In this comprehensive tutorial, we are going to scraper realtor.com using Python and we will build a realtor scraper.

Realtor is one of the biggest real estate listing platforms. Many people in and outside the United States use this website for buying, renting, or selling property. So, this website has a lot of property data and this huge data can be used to analyze future trends in any locality.

There are a lot of advantages of web scraping real estate data from real estate websites like Realtor. In this tutorial, I will explain to you a step-by-step procedure to build a scalable scraper for Realtor.

Setting up the prerequisites to scrape Realtor.com

Before we start coding we have to install certain libraries which are going to be used in the course of this article. I am assuming that you have already installed Python 3.x on your machine.

Before installing the libraries let’s create a folder where we will keep our scraping files.

				
					mkdir realtor
				
			

Now, let’s install the libraries.

				
					pip install requests
pip install beautifulsoup4
				
			
Requests — This will help us to make an HTTP connection with the host website. BeautifulSoup will help us to create an HTML tree for smooth data parsing. Now, create a Python file where you will write your scraper for Realtor. I am naming the file as realtor.py.

What Are We Going to Extract From Realtor.com?

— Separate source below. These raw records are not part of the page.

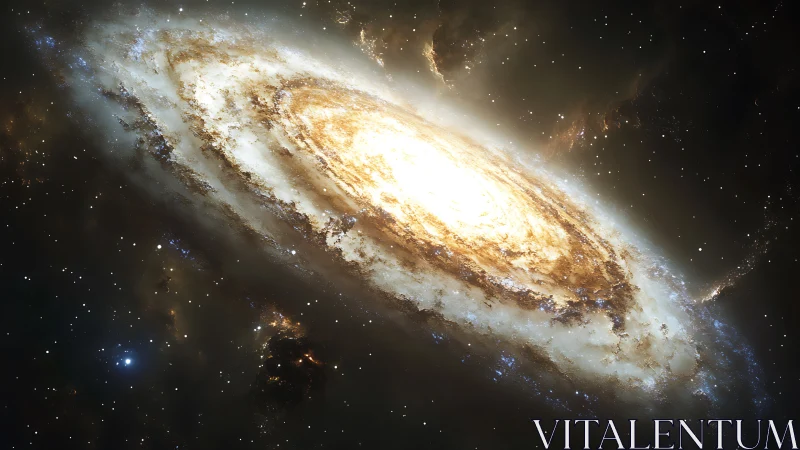 Spiral galaxy blazes with luminous core and radiant dust lanes.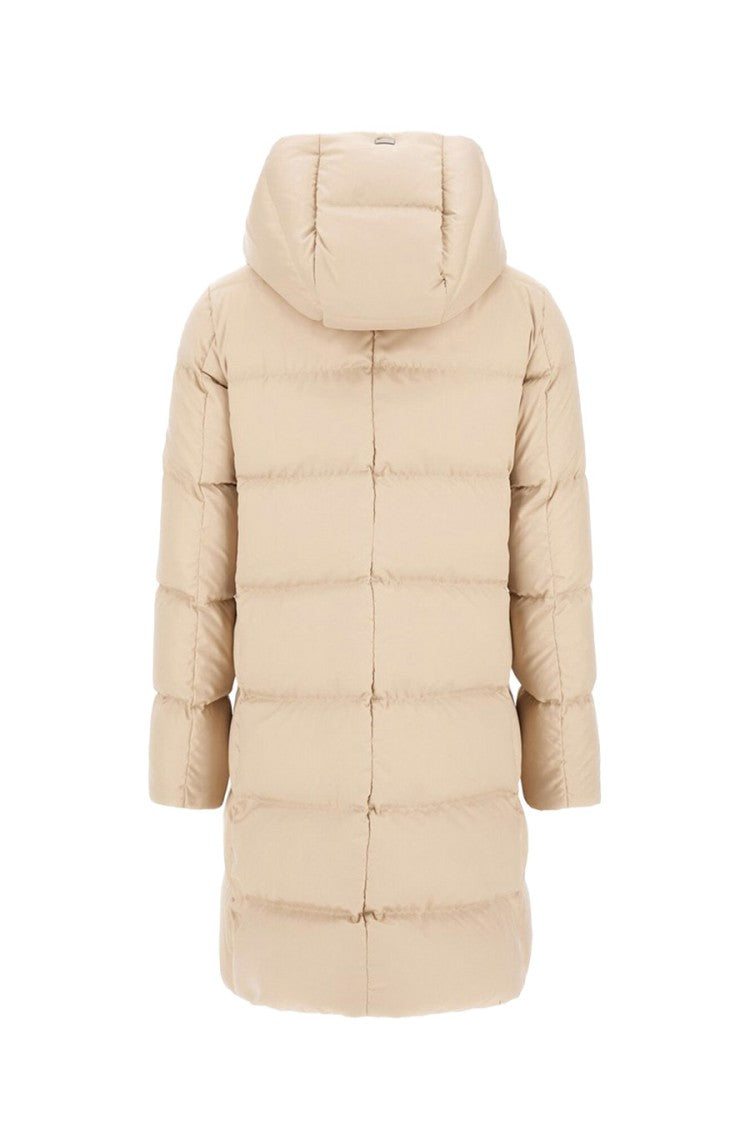 Herno Beige Polyester Funnel-Hood Puffer Coat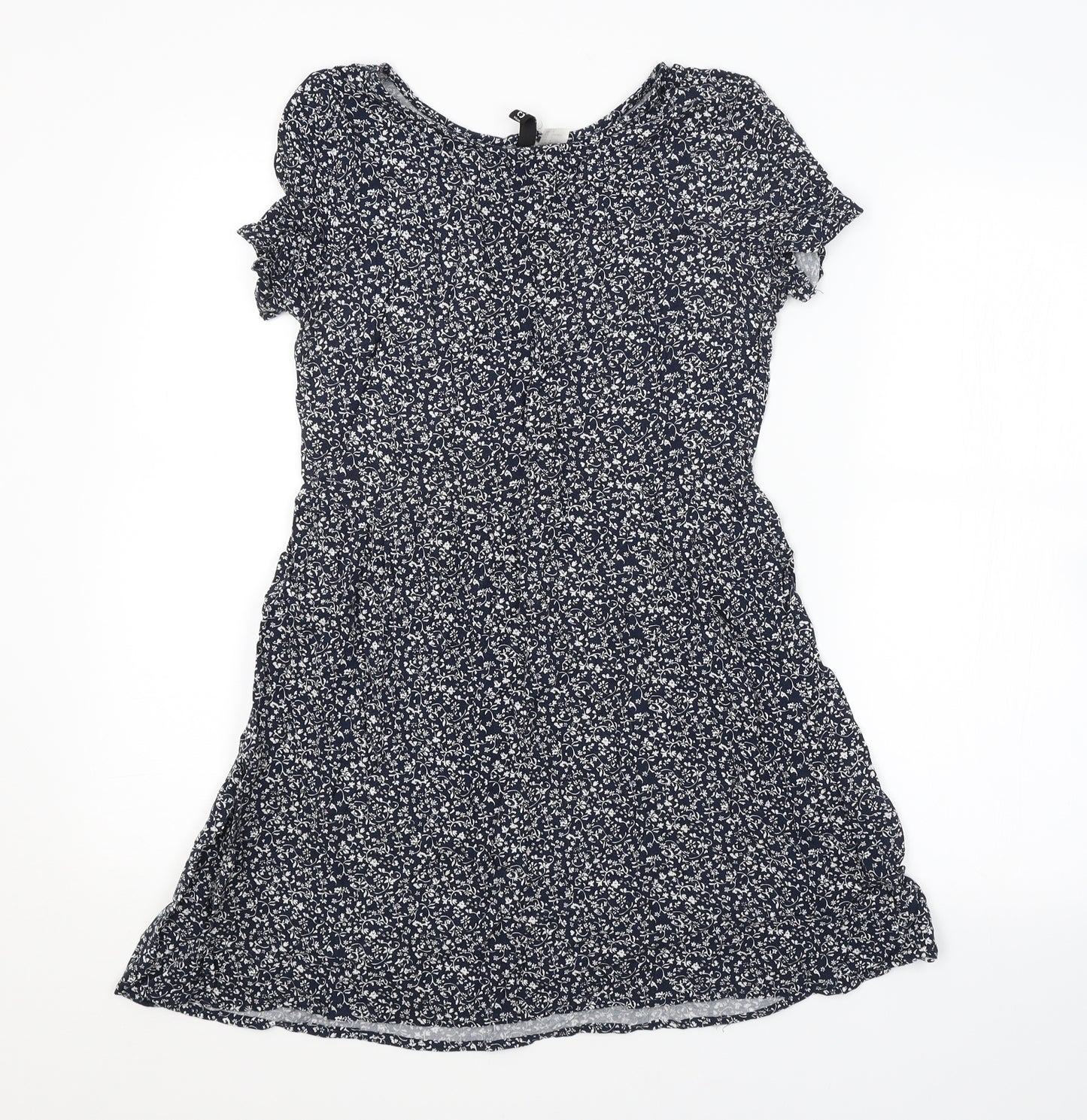 H&M Womens Blue Floral  A-Line  Size 8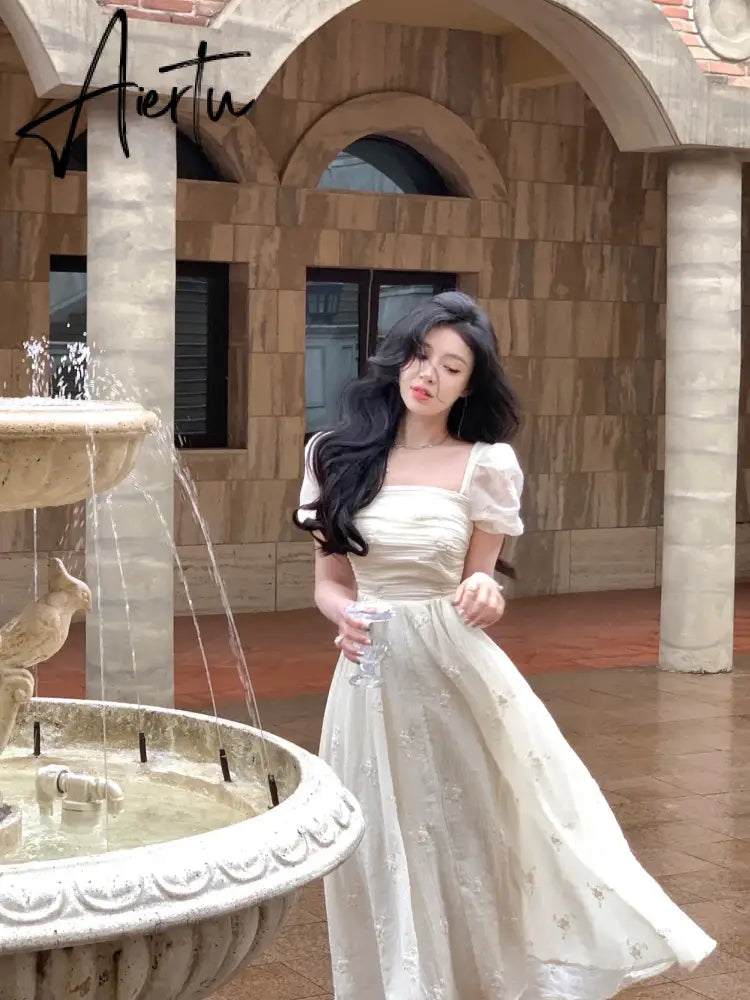 Aiertu Women Elegant Evening Party Midi Dress Summer 2024 New Fashion Princess Embroider Vestidos Female Korean Design Slim Clothes Aiertu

It is always a great idea to decide what exact data points we will extract from the page. We are going to target this page from Realtor.

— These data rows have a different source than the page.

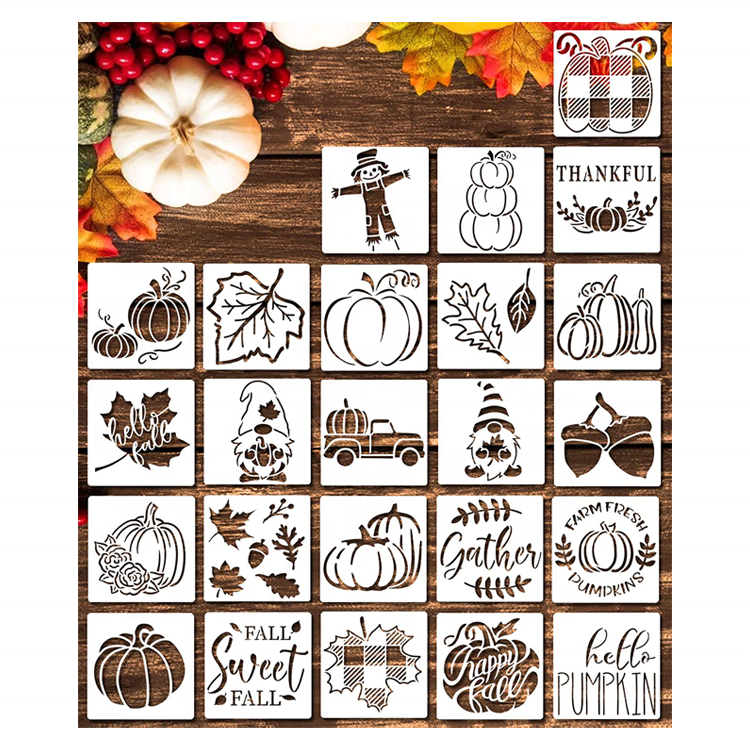 24 Piece Fall Stencils 3x3 Reusable Template Thanksgiving DIY Crafts Decorative Drawing Stencil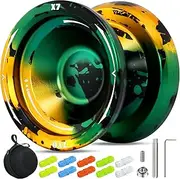 X7 Finger Spin Yoyo Professional Responsive Yoyo for Kids 8-12, Professional Yo-Yo for Adults with Unresponsive Bearing, 10 Yo-Yo Strings, Case, Accessory Kit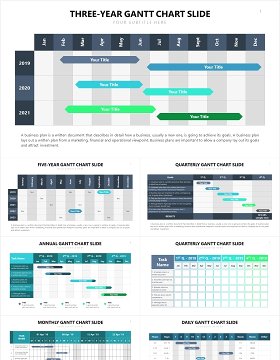 项目进度甘特图表格PPT信息图表素材Gantt Slides V3 Powerpoint Template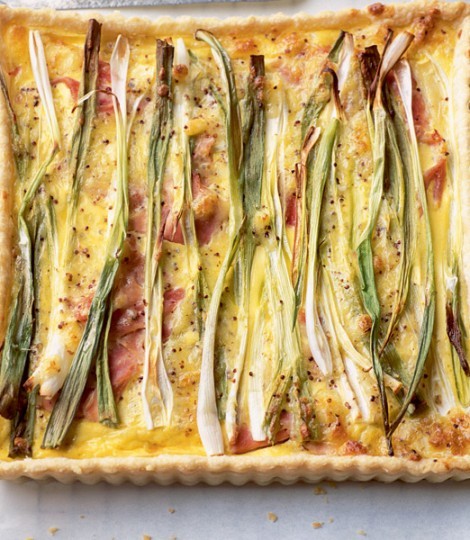 Spring onion, ham and mustard tart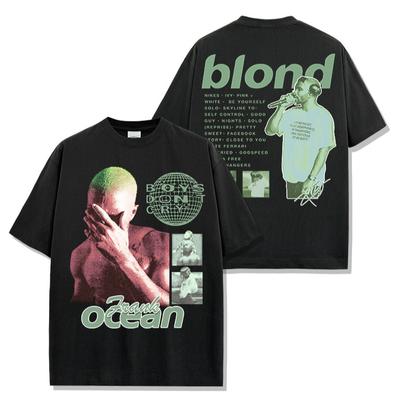 Rapper Frank Retro Grafik T-Shirt Herren Hip Hop Ocean Album Kleidung T-Shirts Y2k Unisex Blond Fashion Übergroßes Baumwoll-T-Shirt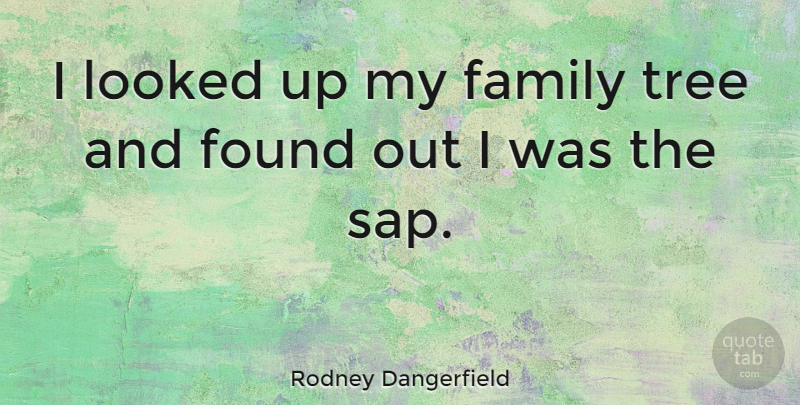 Rodney Dangerfield Quote About Funny, Family, Witty: I Looked Up My Family...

Page from which we are going to scrape data points in realtor.com

So, we will be scraping:

  • Property selling price
  • Property size, beds, etc.
  • Property address.

Data points we are going to scrape from property listing

Scraping Realtor

In the first section, we are going to download the raw HTML from the target page using requests library.
				
					import requests
from bs4 import BeautifulSoup

l=[]
o={}
target_url = "https://www.realtor.com/realestateandhomes-search/New-Paltz_NY/type-single-family-home,multi-family-home"
head={"User-Agent":"Mozilla/5.0 (Windows NT 10.0; Win64; x64) AppleWebKit/537.36 (KHTML, like Gecko) Chrome/107.0.0.0 Safari/537.36"}
resp = requests.get(target_url, headers=head)

print(resp.status_code)
				
			

If you get 200 status code by running this code then you can proceed ahead with parsing process.

Above code is pretty straightforward but let me explain the code in step by step manner.

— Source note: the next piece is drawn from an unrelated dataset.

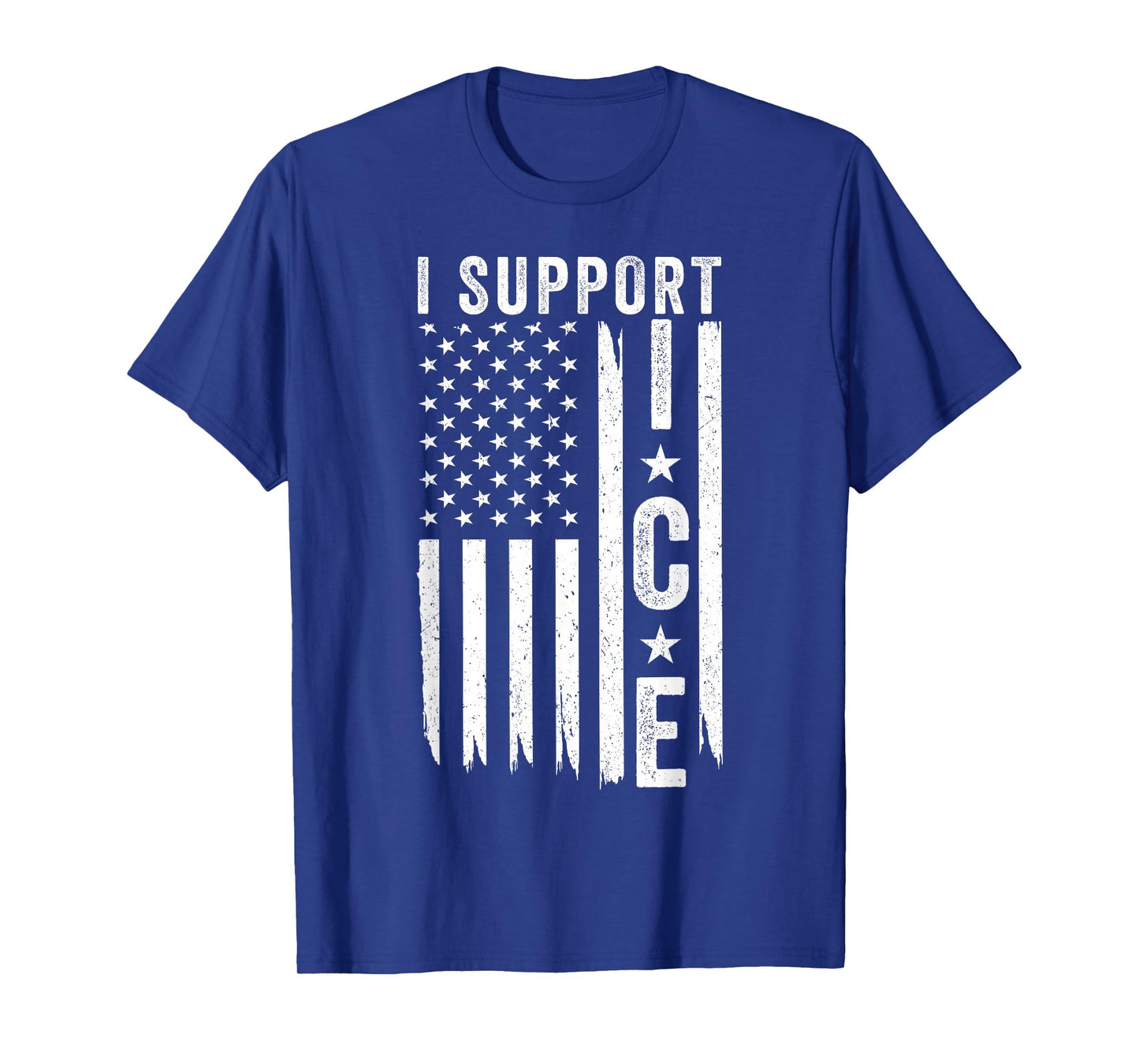 I Support ICE, Immigration Officers American Flag T-Shirt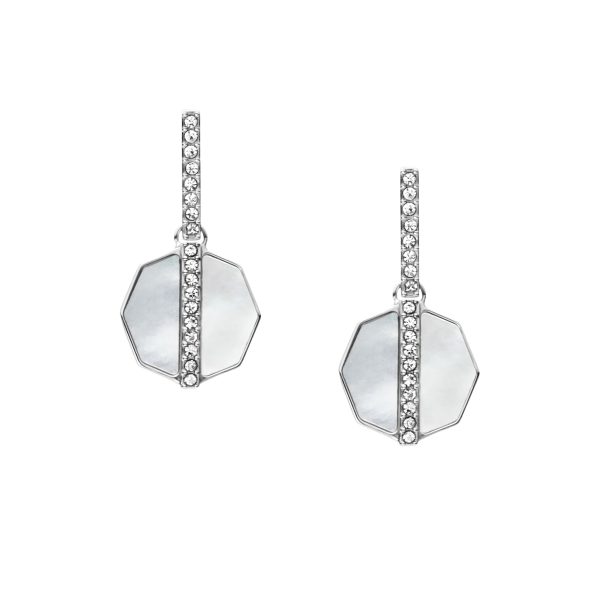 Fossil Merrit Timeless Mother Of Pearl Silver-Tone Stainless Steel Drop Earrings - Preorder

  1. We have imported all the libraries that we installed earlier in this post.
  2. Declare an empty list and an object for storing data later.
  3. Declared the target URL to target_url variable.
  4. Headers for passing while making a GET request.
  5. Using the requests library we made a GET request to the target website.
  6. Finally, we are checking the status of the request made.

Parsing data from raw HTML

Before we start the parsing process, we have to identify the location of each target data element inside the HTML DOM.

Identifying the location of the target data element

As you can see in the image above, the data of all the property boxes are stored inside the div tag with class BasePropertyCard_propertyCardWrap__30VCU .

Identifying the location of price text

Price text is stored under the div tag with the class price-wrapper.

Identifying property specifications’ location in HTML

All this information is stored inside ul tag with class PropertyMetastyles__StyledPropertyMeta-rui__sc-1g5rdjn-0.

The last thing that is left is the address of the property. Let’s find that too.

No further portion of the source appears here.